Many of us feel like we’re on a treadmill that’s increasing in speed and we can’t get off. Often we don’t even know who has the remote control. I ask you this: Why are people feeling like they are working harder than ever but accomplishing less? In my search for answers I recently read “A Sense of Urgency,” by John Kotter and “Fake Work,” by Brent Peterson and Gaylan Neilson.
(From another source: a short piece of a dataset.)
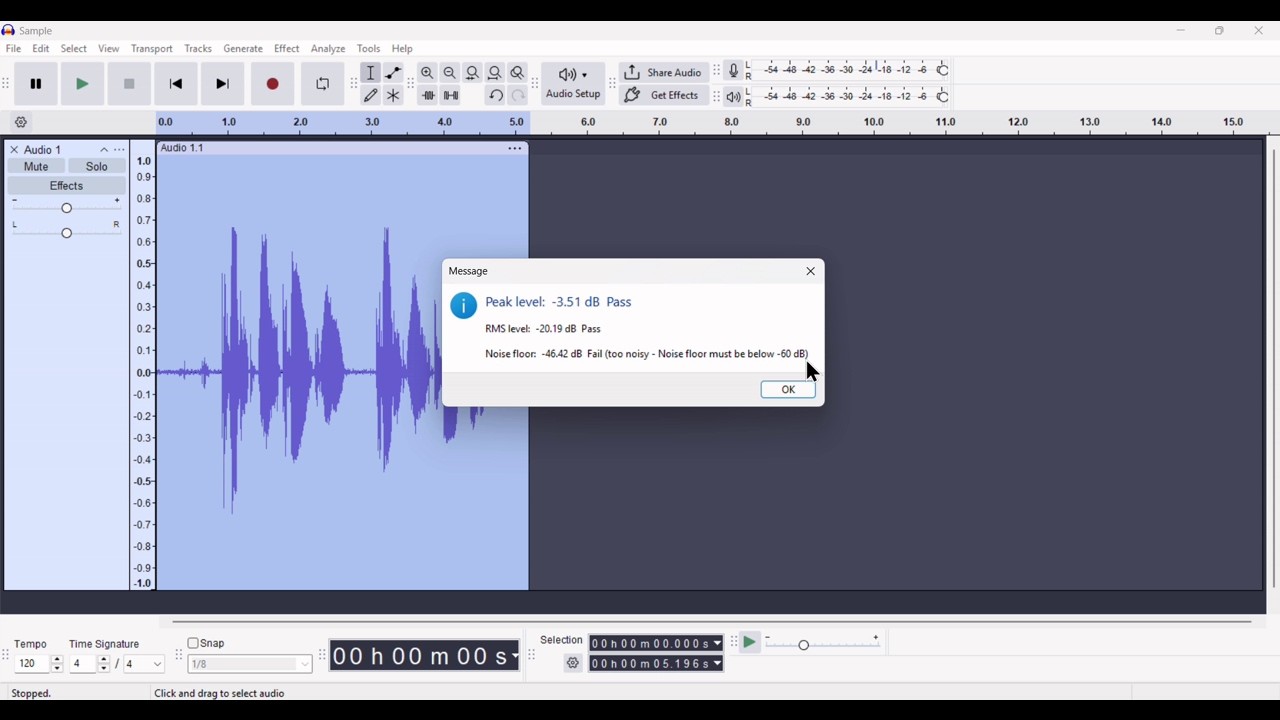 ACX compliance using Audacity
Kotter reminds us that “true urgency focuses on critical issues, not agendas overstuffed with the important and the trivial.” “Critically important means” challenges that are central to success or survival, winning or losing.” Therefore doing something incredibly well that doesn’t need to be done at all is a huge waste of organizational energy.
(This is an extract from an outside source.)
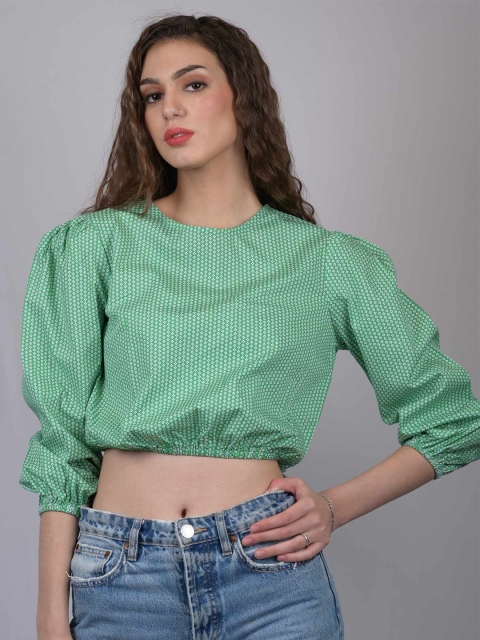 

OWO THE LABEL Green Geometric Print Blouson Crop Top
Without a clear vision of where we’re going and a clear roadmap to get there we can be dispensing great amounts of perspiration and still be “lost”. A map of Des Moines doesn’t help much in Detroit. How can we avoid doing “fake work”…that is work that fails miserably to add value and advance our organizations sustainability?
Please build on these ideas for actions to avoid from Peterson and Neilson:
- Holding meetings without a clear agenda and inviting people to share in the waste of time
- Sending emails to a huge distribution list of coworkers without considering whether they need the information
- Holding off-site meetings that provide distraction not value
- Not following through on plans to implement needed changes
- Assigning work then ignoring it when completed
- Running training programs that don’t make a real difference
According to these authors, fake work thrives where outdated cultures and work processes hang on. Do you feel like this phenomenon of “fake work” is prevalent at your organization? Is it something you can route out of your EHS and Sustainability programs? I’d love to hear some examples of how you have or are applying the ideas of Peterson and Neilson to cut down on the fake work in your EHS function!